Water quality parameters-based prediction of dissolved oxygen in estuaries using advanced explainable ensemble machine learning.
Journal:
Journal of environmental management
PMID:
40174390
Abstract
The dissolved oxygen (DO) is crucial for the ecological health of estuaries and bays. However, human activities, land-sea interactions, and the unclear impact mechanisms of water quality parameters (WQPs) pose challenges to DO prediction. Water quality models and statistical methods were used to achieve predictions previously, with gaps of low accuracy and unclear impact mechanism between WQPs and DO. Here, we present an interpretable ensemble machine learning (EML) framework for DO prediction and reveal that the impact mechanism of WQPs on DO variation of six estuaries in China.
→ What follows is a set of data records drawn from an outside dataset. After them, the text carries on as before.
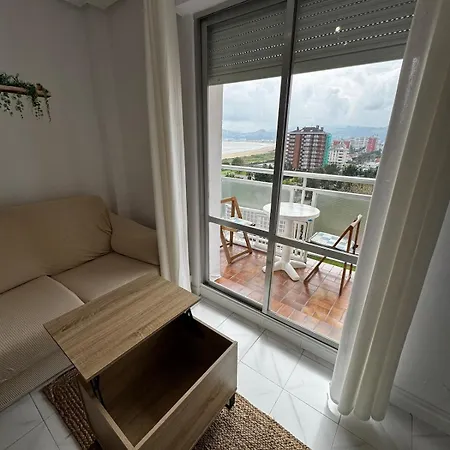 El Puntaluco De * Laredo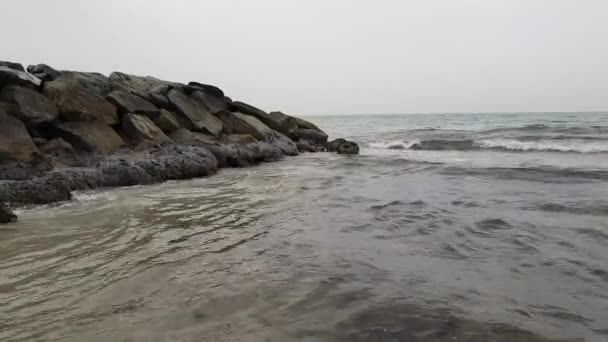 Costa do Golfo Pérsico em Emirados Árabes Unidos em um dia nublado — Vídeo de Stock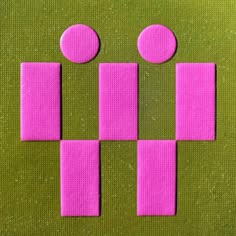 pink squares and circles are arranged on a green surface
The results show: 1) DO have significant short-term fluctuations and a decreasing trend in most rivers from November 2020 to December 2023. Bagging-boosting model (BBM) have best performance in most rivers, while stacking model (SM) achieves better prediction in Jilong River (R is 0.71 and RMSE is 0.55), due to its capability of utilizing more WQP information (lag features of Electrical conductivity (EC), permanganate concentration (COD), pH and total nitrogen (TN)) to predict DO under larger variation condition. 2) 1-3 days lag features of DO and water temperature (WT) play a crucial role in DO prediction and the 1-day lagged DO makes the largest contribution (mean absolute SHapley Additive explanation (SHAP) value higher than 0.9). The lag features of pH have a positive impact on DO in most rivers. 3) The factors that makes largest influence on DO in the same day differ across different rivers. The impact of 1-day lagged DO on model prediction has a threshold around 10 mg/L and the interaction between WT and DO on the same day shows spatial heterogeneity across different rivers. EC, pH, and TN have a positive impact on the DO of the same day, while WT, ammonia nitrogen (NH-N) and total phosphorus (TP) have a negative impact. 4) Errors in model prediction stem from two aspects, one is insufficient driving force of features when they correctly guide predictions toward true value. Another is features with insignificant contribution pushing predictions in the opposite direction of true value. The proposed framework and the findings will allow more accurate understanding of the impact mechanism of WQPs on DO and provide important insights for hypoxia management in coastal rivers.